SINGAPORE: London copper edged lower on Tuesday, trading near its weakest level in almost three months, with risk appetite curbed by escalating trade tensions between the United States and top industrial metals consumer China.
Zinc edged down to trade at the last session’s lowest price since early August as rising inventories weighed on the market.
Global stocks extended a sell-off as the mounting trade tensions between the United States and other major economies continued to steer investors away from riskier assets, lifting safe-haven US Treasuries and keeping the dollar on the defensive.

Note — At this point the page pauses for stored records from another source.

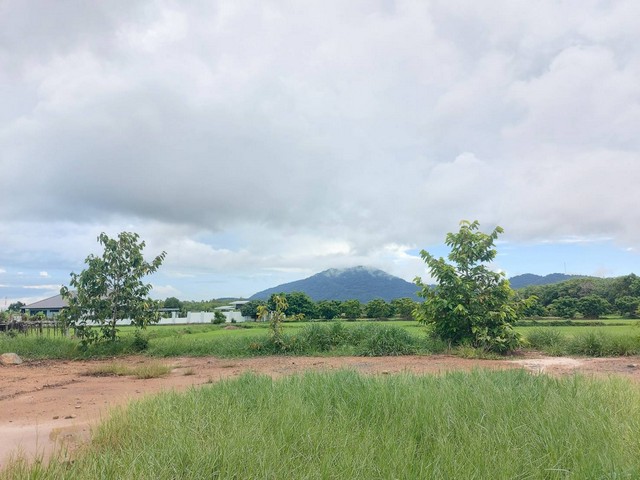 ประกาศฟรี! ซื้อ-ขาย-เช่า คอนโด บ้าน ทาวน์โฮม ที่ดิน และพื้นที่เชิงพาณิชย์ทั่วประเทศไทย ทุกทำเล ทุกงบประมาณ ไม่มีค่าใช้จ่าย ลงง่าย ขายไว เข้าถึงผู้ซื้อโดยตรง 3 173959pic2.jpg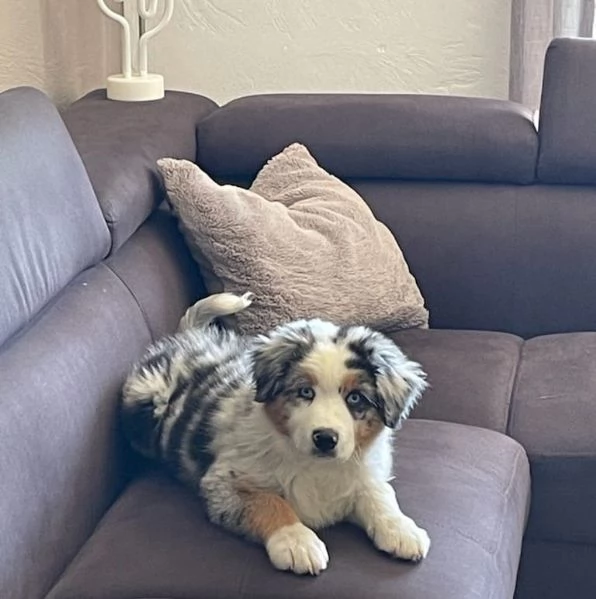 Dolci cuccioli Border Collie cercano una famiglia per sempre | Foto 0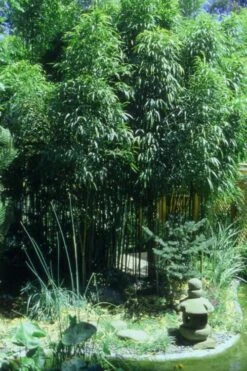 Golden Square Stem Bamboo (Chimonobambusa Quadrangularis 'Suow') - 3 Gallon Pot -Garden Plant Shop Bamboo Square 4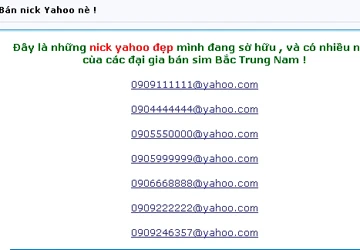 Nick Yahoo “đẹp” giá 20 triệu! ảnh 1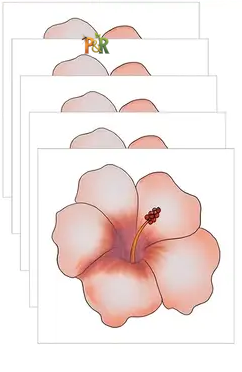 Hmyzak-Off okenní mucholapka 5ks - Barva: Žlutá květina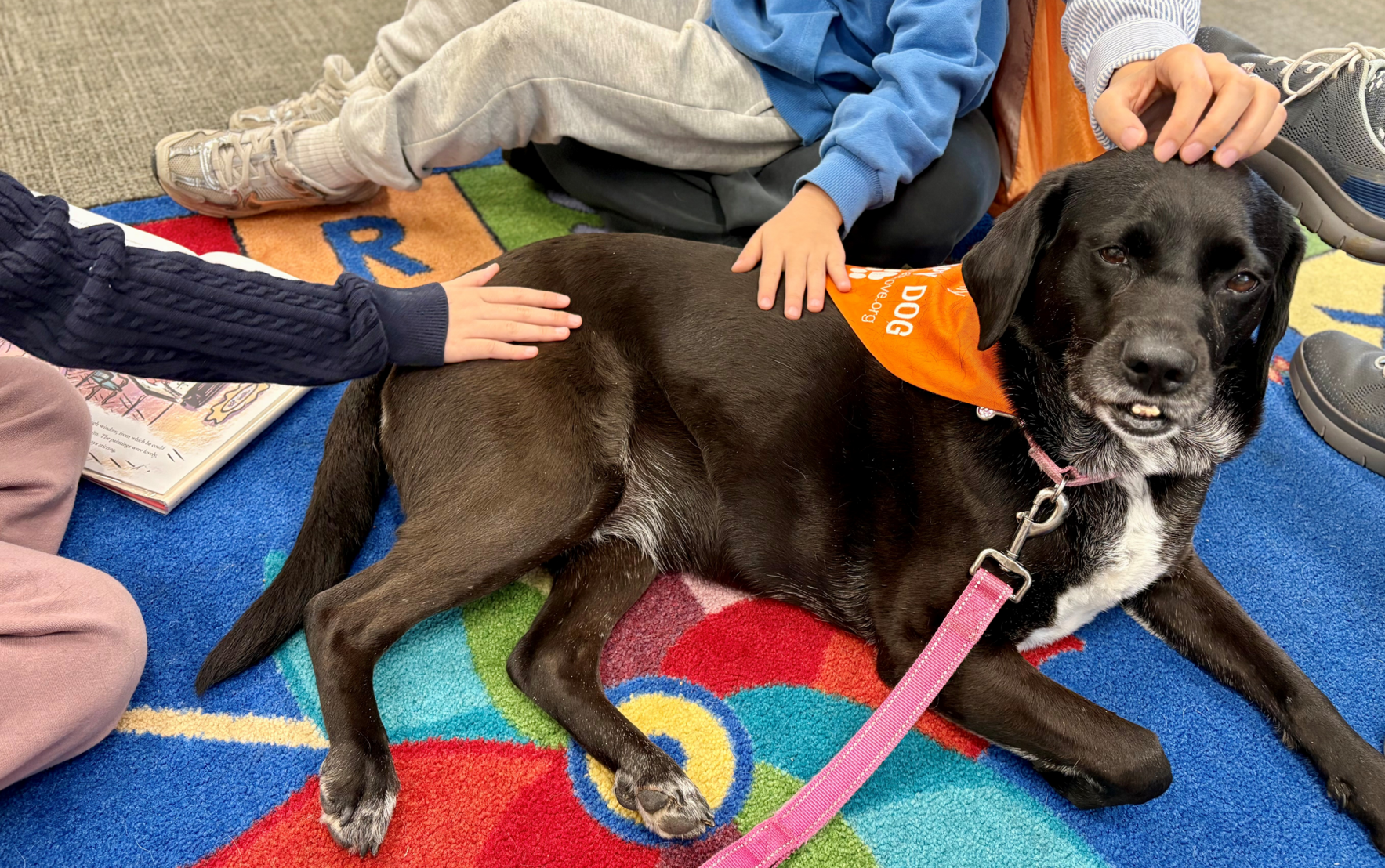 Celebrate National Therapy Animal Day — Support Healing through the Human-Animal Bond image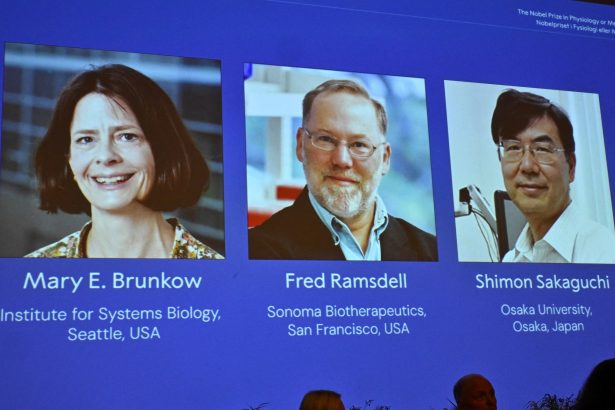 Nobel de Medicina 2023: Premian a tres científicos por avances en inmunología
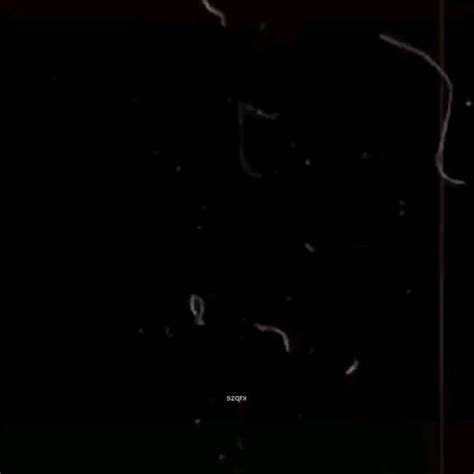 She S Hot Tanjiro Edit Demon Slayer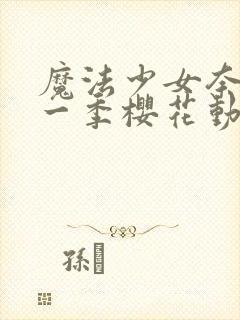 魔法少女奈叶第一季樱花动漫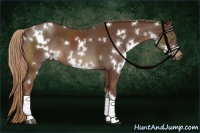 Horse Color:White Spotted Liver Chestnut 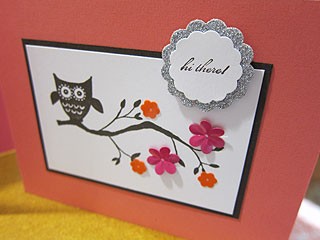 Savvy Owl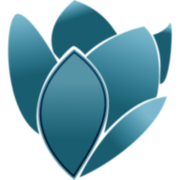 Bellevie Care LTD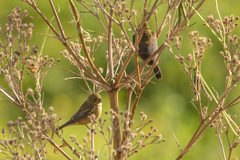 Sporophila caerulescens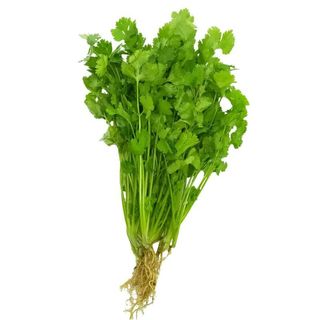 Hạt Giống Ngò Rí Hạt Nhỏ Dễ Nảy Mầm, Nhanh Thu Hoạch (Gói 20 Gam ~ 3000 hạt)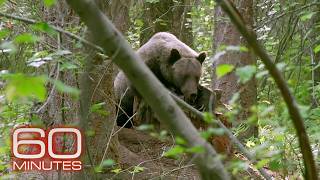 From 2020: The resurgence of grizzly bears in the U.S.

“Rising trade tensions once again weighed on the base metals sector,” ANZ said in a note.
“Soft fundamental data also exacerbated the weakness. Zinc led the sector lower, after data showed the market was in surplus for the first four months of the year.”
The US-China trade spat is putting pressure on commodity and financial markets. A government official told Reuters on Sunday that the Treasury was drafting curbs that would block firms with at least 25 percent Chinese ownership from buying US companies with “industrially significant technology.”
US Treasury Secretary Steven Mnuchin on Monday said forthcoming investment restrictions would not be specific to China, but would apply “to all countries that are trying to steal our technology.”
FUNDAMENTALS
COPPER: Three-month copper on the London Metal Exchange was down 0.3 percent at $6,733.50 a tonne, as of 0717 GMT, not far above Monday’s low of $6,702.50, which was its weakest since April 4. The most-traded copper contract on the Shanghai Futures Exchange dropped 0.4 percent to settle at 51,630 yuan ($7,878) a tonne.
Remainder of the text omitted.